Allocation decisions have to be made either by parliament, self-governing bodies, through market mechanisms or through a combination of the three of them on different levels. In an ideal world, a functional approach starts on the basis of the legal background with clear targets for health improvements, with process and system targets. Then, the next step would be the development of strategies for the implementation of these targets on a national, regional or local level by funds in a statutory health insurance system or with the commissioners on a regional basis e.g. in the UK. Thus the question arises whether there is an optimal mixture of the different instruments for accomplishing the targets on the different levels.

From a health economic point of view, the mixture involves the question about the mode of allocation. Can the target best be attained by using central planning, self Government in social insurances or market mechanisms? In case such a package or mixture of instruments exists or can be developed one may ask whether there is at all an institution that will bear the responsibilities for accomplishing the targets. In case it is a model of socially bounded resp. regulated competition the results stem from the innovation process by itself. And in the case of networking models, there is a clear legal framework the prerequisite for success. As the system of allocating resources to health in a society is too complex these processes take place and in real life only in a step-by-step approach that in many countries includes more and more monitoring and evaluation procedures.

Finally management resp. administrative efficiency is part of the specific program efficiency in the sector dealt with. In this context, more and more actors recognize that networks are superior compared to hierarchies or silos. (Henke, K.-D. “How to improve the rationality of health policy”, in: Kaal, W.A., Schmidt, M und A. Schwartze, Hrsg., Festschrift zu Ehren von Christian Kirchner, Tübingen 2014, S.837-848).

2. The political rationality or health policy as the art of feasibility

Health policy as a one-stop, unified whole is the dream of scientists, but hardly viable in a parliamentary democracy with proportional representation.

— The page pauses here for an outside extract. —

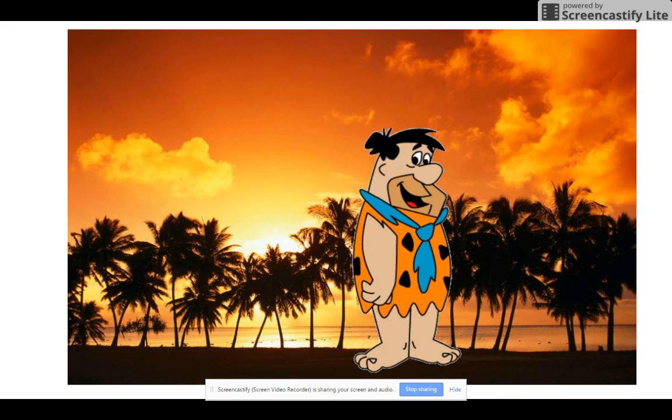The thing we're going to be doing today is adding cartoon characters, or real people if you choose, to cool tropical backgrounds.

Translating Herbert Giersch's definition of rational economic policy to healthcare reforms, rational health policy would have to be "aimed systematically at the realisation of a target system which is comprehensive, sophisticated and well-balanced", as well as "achieving the highest possible degree of success in the given circumstances". (Giersch, H., Allgemeine Wirtschaftspolitik, Wiesbaden 1961, p. 22). According to this definition, the current state of healthcare policy reform would be rational provided that all viable possibilities for improvement really have been exhausted health policy would then appear as the art of feasibility or, as Popper termed it, "piecemeal social engineering". The smallest common denominator is thus the foundation of the reform. One may choose to call the expected result an idle compromise, a settlement or even just an interim solution. In any case, the expected result of the political wrangle about the essential elements of the reform can be termed a lesson in the "art of feasibility". Thus again Popper, Giersch and Williamson have given the answer to the question of this article.